Troppo dipendenti dagli stranieri, soprattutto dai francesi: bisogna dimezzare le cifre attuali. È l’allerta che suona dall’Unità di crisi della zootecnìa veneta, istituita dalla Regione in estate per «individuare le azioni prioritarie» a sostegno degli allevamenti: mette attorno al tavolo tutti gli operatori del settore. Dopo due incontri, l’unità di crisi inizia a mettere a punto le questioni più urgenti. Troppo estero: l’idea del marchio. «Il tavolo della zootecnia ha evidenziato l’opportunità di ridurre la dipendenza dall’estero dell’acquisto dei ristalli impiegati negli allevamenti da carne veneti». Secondo i dati raccolti dallo staff dell’assessore regionale all’agricoltura Franco Manzato, arriva dalla Francia circa il 90% dei circa 545 mila vitelli svezzati che ogni anno vengono importati per essere poi allevati per l’ingrasso (appunto, il ristallo).
Il resto viene da Polonia, Romania, Austria e Irlanda. Non solo: neppure la gran parte della carne che viene poi ricavata dai nostri allevamenti viene consumata qui in Veneto. Se ne parte per altre regioni italiane o addirittura di nuovo per l’estero.

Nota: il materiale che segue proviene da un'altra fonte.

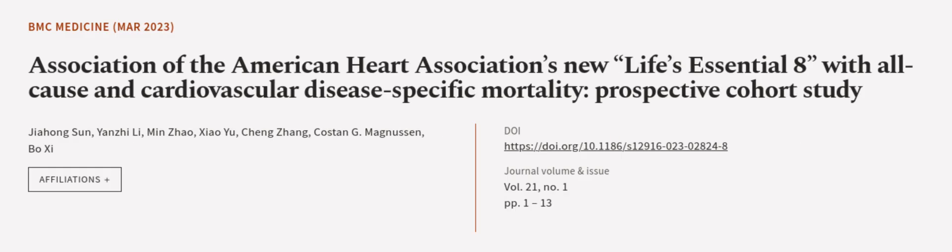This article was authored by Jia Hong Sun, Yen Ji Li, Minit Zhao, and others. Wearearticle.tv, links in the description below.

Insomma, c’è bisogno di inserire una massiccia dose di “obiettivo km zero” anche per la carne: animali del tutto nostrani, e carne consumata qui. «Il tavolo – scrive la Regione – ha ribadito la necessità di creare un vero e proprio sistema veneto della zootecnia, al fine di fare “massa critica” ed aggredire il mercato regionale, nazionale ed internazionale». L’obiettivo evidentemente non può certo essere quello di rivoluzionare del tutto questi enormi flussi di vitelli e di carne prodotta, ma l’Unità di crisi nel sollevare il problema si è data come traguardo da raggiungere il dimezzamento di questa dipendenza. Una delle azioni indicate dalla Regione agli operatori è la nuova norma appena votata dal Consiglio regionale, che mira a «sostenere l’associazionismo e far leva sulle produzioni di qualità regionale anche attraverso la promozione del marchio QV (qualità verificata) nei mercati».
PROCEDURE E CREDITO. La Regione ha promesso agli operatori anche di lavorare alla semplificazione delle procedure, soprattutto per quanto concerne la gestione dei nitrati e le aflatossine», anche se «la normativa in materia è molto ostica, ed implica l’impiego di numerosi passaggi che obbligano le imprese zootecniche a perdere tempo per adeguarsi alle regole». Ma il problema più forte sottolineato dagli allevatori (e non solo da loro) è l’accesso al credito. La Regione offre quattro strumenti. Il “credito d’esercizio” – 2500 euro per azienda l’anno, ma forse l’Ue consentirà di far salire il tetto – che è un contributo per pagare gli interessi sui prestiti ottenuti dalle banche per affrontare spese correnti come l’acquisto di mangimi, bestiame, mezzi. C’è poi il fondo di garanzia che consente di fornire alle imprese agricole – sempre per mutui o prestiti bancari – una fideiussione che permette un più facile accesso al credito e consente di contenere le commissioni richieste dalle banche: per il mondo agricolo c’è quello gestito da Ismea, col quale la Regione intende «promuovere una collaborazione operativa che preveda l’utilizzo di tale fondo a fronte di risorse regionali e comunitarie da destinarsi esclusivamente per le imprese agricole venete». Poi c’è il fondo di rotazione, a sostegno degli investimenti delle aziende agricole (e zootecniche) ed agroalimentari: lo gestisce la finanziaria Veneto Sviluppo e consiste in un prestito agevolato con abbattimento del tasso d’interesse pari al 50% del tasso applicato dalle banche. Infine la Regione sta valutando la nuova possibilità normativa di creare “fondi di mutualizzazione” che potrebbero «intervenire in caso di crisi di mercato, di caduta improvvisa dei prezzi dei prodotti, di crisi allarmistiche che fanno crollare i consumi» e forse anche per «ristoro di eventuali eventi calamitosi». Bisognerà trovare risorse nel Psr-piano di sviluppo regionale.